There are other linkages as well. Government, companies or banks from the surplus countries also hold some bank-issued securities directly (shares, bonds or mortgage-backed and other structured securities). In addition to this direct funding surplus, country savings are invested in many non-bank securities, for example equities, government bonds, corporate bonds or short-term bills and commercial paper. This pushes down their returns and makes them less attractive.
As a result there is displacement of other domestic funds, from companies, insurance companies and pension funds into both short-term funding of bank portfolios through the money markets and bank- issued securities.
This pattern of world savings and investment, with high-saving countries, including Germany and Japan and the emerging market manufacturing exporters and resource exporters such as China, Russia and Saudi Arabia, lending large sums to the high-consuming countries has been a feature of the global economy for several years. Instead of shrinking, these imbalances have risen over the years.

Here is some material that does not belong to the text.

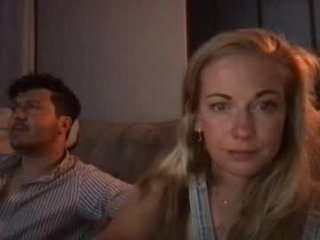 Webcam Belle - littleblonde_l depraved blonde cam girl presents her pussy drilled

Increasing global trade has opened up tremendous opportunities for growth. The rapidly growing economies of south-east Asia, including South Korea, Malaysia, Taiwan and Thailand, have all benefited, and, more recently, so have India and China. These rapidly growing economies should be the ones with the most attractive business investment opportunities. Yet the world’s savings are being channelled mostly from these fast-growing economies to mature developed economies, ones where the prospects for productive investment are relatively poor.

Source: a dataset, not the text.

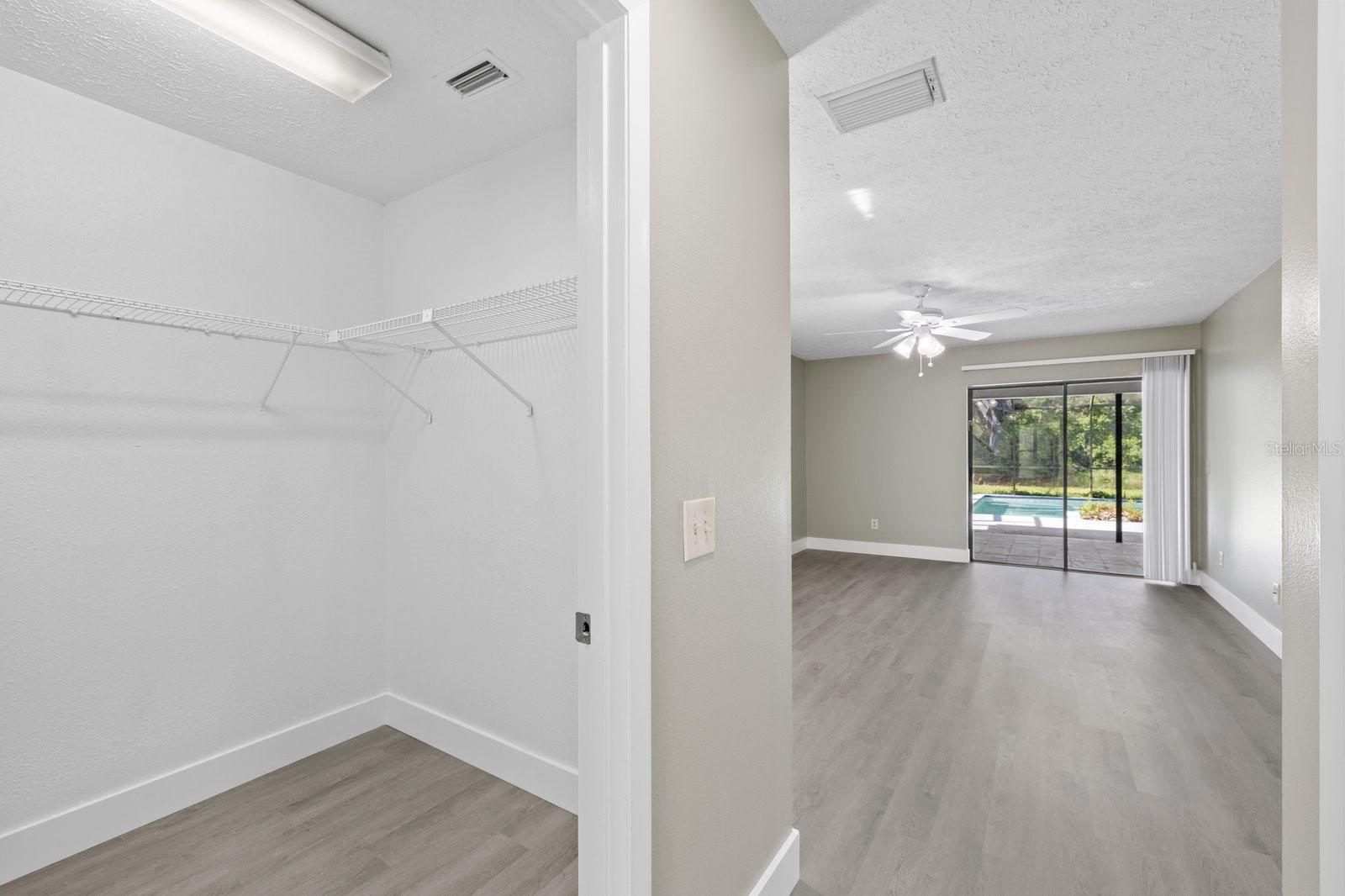 Listing photo id 29 for 16014 Amberly Drive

Why have savings been channelled to governments and consumers in the West rather than to productive investment in the emerging markets? One reason is that returns to investment in emerging markets are surprisingly low, due among other reasons to weak enforcement of property rights in the courts and bankruptcy laws that provide little protection to lenders.
A further part of the answer is the different operation of their banking systems. Banks in the United States, the United Kingdom and other developed countries have been extremely skilful in persuading households to borrow freely in order to finance both house purchase and general consumption. Meanwhile banks in emerging markets have been much less successful at finding opportunities to lend in their own countries, either to companies or to individuals. This reflects both much stronger social security systems in Western countries (households worry less about saving for old age) and more effective systems of credit referencing and credit scoring to identify creditworthy borrowers – systems that have been developed over many years.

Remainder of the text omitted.